This Article First Appeared in Happify
It was twilight and I had turned into the little alley to take the shorter route home. Suddenly something moved in the shrubbery. Before I could think, literally, I felt blood rush to my extremities and found myself turning back in panic. Within seconds though, it dawned upon me that it was merely a leaf rustling in the evening breeze, and I regained my composure. I had believed it to be something far more sinister, and my fear had kicked in way before my rational mind could.
Fear is part of our evolutionary journey—the oldest emotion we have inherited from the earliest reptiles of 600 million years ago in order to ensure our survival. We’ve managed to preserve it in the deepest recesses of our brains and carry it forth into the relative safety of the 21st century.
However, in today’s world, we rarely face the physical dangers that our hunter-gatherer ancestors did. Most of our fears are psychological, creations of an imagination that tries to protect an illusive ego. The classic fight, flight or freeze response shows up as the “attack, avoid or accommodate” tendency that harms our relationships and limits our full potential.

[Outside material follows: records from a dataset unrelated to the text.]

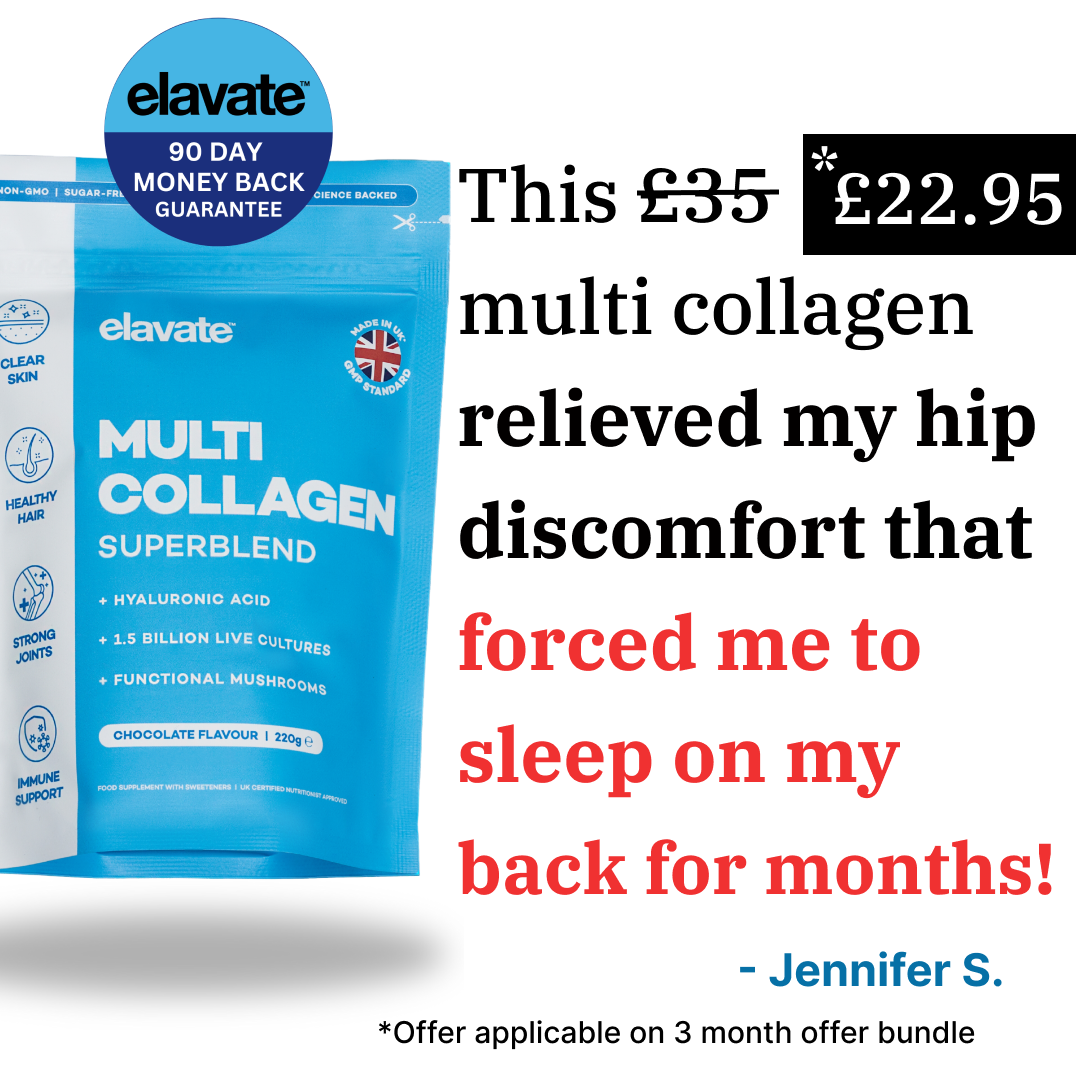 Elavate Facebook ad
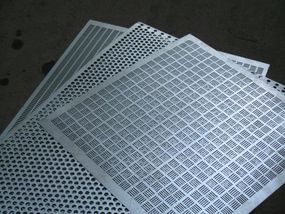 Сито ОВС 25 (790×990 мм, толщина 1.0 мм) — перфорированный лист для зерноочистки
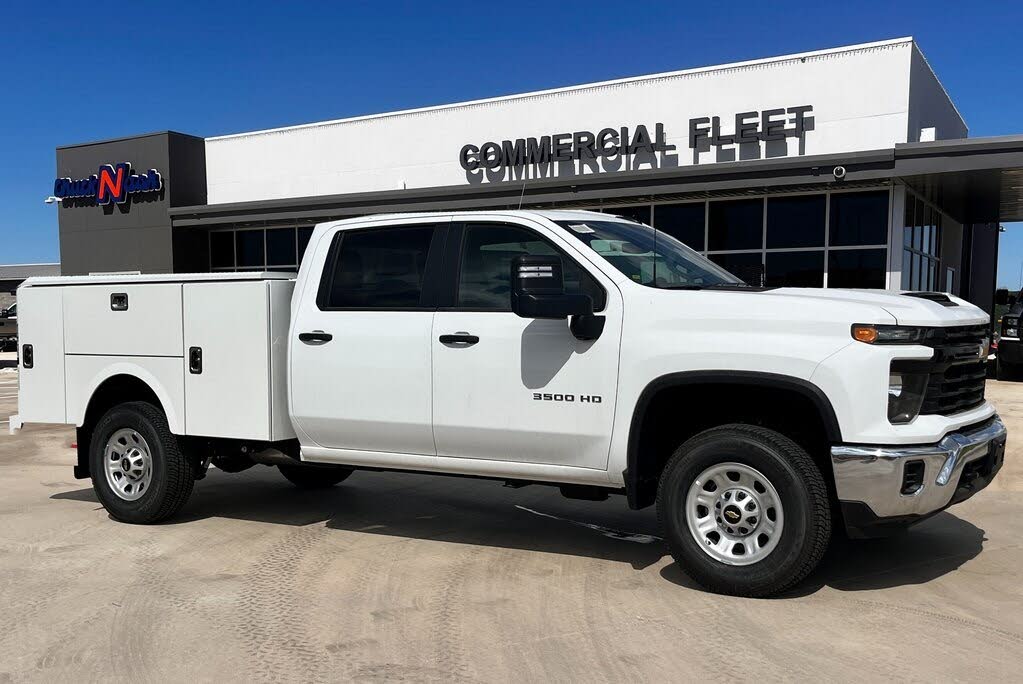 2025 Chevrolet Silverado 3500HD Work Truck Crew Cab LB RWD
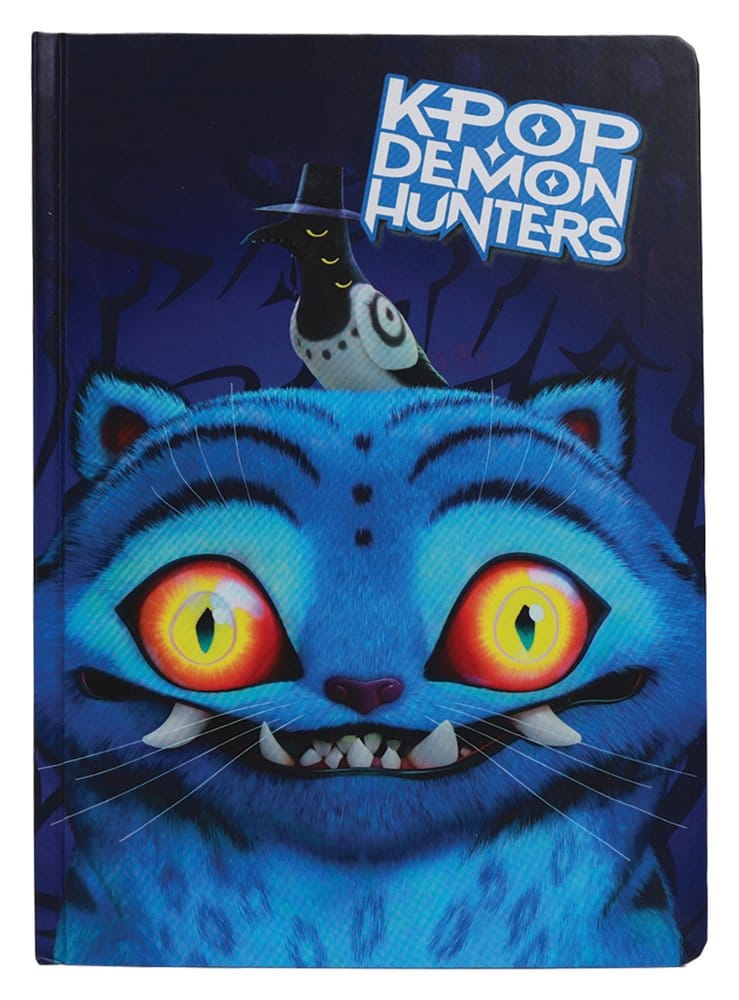 KPop Demon Hunters A5 Notebook Derpy 5056563711452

What are we to do? Here are 3 strategies to try.
Breathe from Your Belly
Our fear response is largely beyond our control. A pumping heart, blood rushing to our extremities, and the release of cortisol and adrenaline are all physiological reactions that run their course without our conscious input. But there is one we can control, and eastern meditation practices recognized its importance thousands of years ago. It’s the breath. When we’re fearful, we breathe shallowly from our chest—which is why our voice can squeak. Any vocal artist would recognize the importance of breathing from the belly to overcome fear and regain a commanding voice. In his book, The Self Comes to Mind, renowned neuroscientist Antonio Damasio talks of the importance of maintaining a natural rhythm to our breath, since it’s ground zero for the way we experience life. And mindfulness practices study the benefits of focusing our attention on our breath in order to ground ourselves in the safety of the present moment and thus calm the fear response.
Reach Out to Others
It’s often believed that humanity’s rise to the top of the food chain is the result of our social brain more than any other capability that distinguishes us from other primates. In his book, Social, psychologist Matthew Lieberman reveals that our need to connect with other people is even more fundamental than our need for food or shelter. No wonder we can calm others by a smile and a soothing voice, by looking and listening to them and by the warmth of a gentle touch. Neuroscientist Steven Porges explains that the new mammalian vagal nerve that enables us to do so developed as an alternate response to stress so that the traditional defense mode need not be called into action. By calling a family member or a close friend, or spending time in their company, we can initiate the parasympathetic nervous system and return our body to a state of calm.
Sit with It
Fear calls for urgency and action. For the purpose it serves, it’s a brilliant mechanism devised by nature to ensure our survival. However, not all fears require the limited repertoire of the fear response. Panicking before a big presentation or feeling queasy about a difficult conversation are all fears that urge us to avoid the situation altogether. Being angry about someone’s behavior or fuming over an email are also reactions to fear that instigate us to react with vengeance in order to establish our power.
When we can sit with our fears without reacting to them, we develop an inner resilience that silences them over time. This is the basis of many of the cognitive behavioral treatments for anxiety disorders such as panic and obsessive compulsive disorder. Watching the wave of fear’s urgency rise, pound, implore, and then reduce to nothingness is one of the best ways to handle its false cries of wolf and allow our rational mind the time it needs to kick in.
Einstein famously said that the most important question facing humanity is whether we view the world as a friendly place. Our fears have gotten us thus far in our evolution. But they have also given rise to the many challenges we face. We don’t need to look far to find solutions to these problems. The answers lie within us, in our ability to see the world not as foe to be feared, but as a common humanity.